“In my view, to award one parent the exclusive custody of a child is to clothe that parent, for whatever period he or she is awarded the custody, with full parental control over, and ultimate parental responsibility for, the care, upbringing and education of the child, generally to the exclusion of the right of the other parent to interfere in the decisions that are made in exercising that control or in carrying out that responsibility. The foregoing, of course, does not address the matter of the respective obligations of the custodial parent and the other parent to contribute to the support of the child, nor the right, if any, of the other parent to access to the child.
By contrast, to award to both parents the joint custody of a child on the basis already described is to clothe both parents with equal parental control over, and equal ultimate parental responsibility for, the care, upbringing and education of the child, but to name one of the parents as the parent with whom the child shall ordinarily reside under that parent’s immediate direction and guidance (whether indefinitely or as otherwise stipulated), with the other parent to enjoy such access to the child as does not unreasonably impede the ability of the first to assume his or her immediate direction and guidance of the child, nor unreasonably interfere with the right of the first parent to live his or her own life separate from the other.

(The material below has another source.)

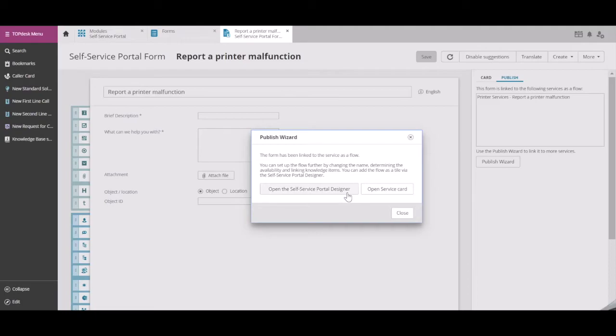Now you can choose if you want to open the Self Service Portal Designer to add this service, or if you want to see the service card.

If the foregoing can be said to be a reasonably accurate formulation of what is involved in this kind of joint custody, it seems obvious that it is indeed an arrangement that requires maturity on the part of each parent:
(a) in accepting that the other is a person with whom he or she can share, on an equal basis, the control over and responsibility for the child which together they, as parents, must assume in making the many important decisions that must be made with respect to the child’s care, upbringing and education (including of course the child’s religious upbringing);
(b) in accepting that the child must physically reside with one or the other of them (in the words of Weatherston, J.A., in McCahill v. Robertson (1974), 17 R.F.L. 23, quoted in Baker v. Baker (1979), 1979 CanLII 1962 (ON CA), 23 O.R. (2d) 391 at p. 396, 95 D.L.R. (3d) 529 at p. 534, 8 R.F.L. (2d) 236, to which reference has already been made: ”A child must know where its home is and to whom it must look for guidance and admonition …”), and
(c) in accepting that generous access by the other parent is an essential part of the arrangement and must be assured by some sort of agreement that can operate in such a way that it will not ultimately reduce to ruins the whole arrangement.

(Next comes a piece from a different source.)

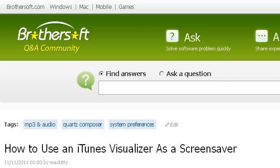Last but not least, try our third ranked site ask.brothersoft.com — the web page 'How to Use an iTunes Visualizer as a Screensaver, iTunes Q&A.' This is the link.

Above all, it requires a willingness by both parents to work together to ensure the success of the arrangement. Such a willingness must be sincere and genuine; by its very nature it is not something that can be imposed by a Court on two persons, one or both of whom may be unwilling or reluctant to accept it in all its implications. Like marriage itself if it is to succeed, it is an arrangement that has to be worked out by two persons who are determined, of their own will and in good faith, to make it work.”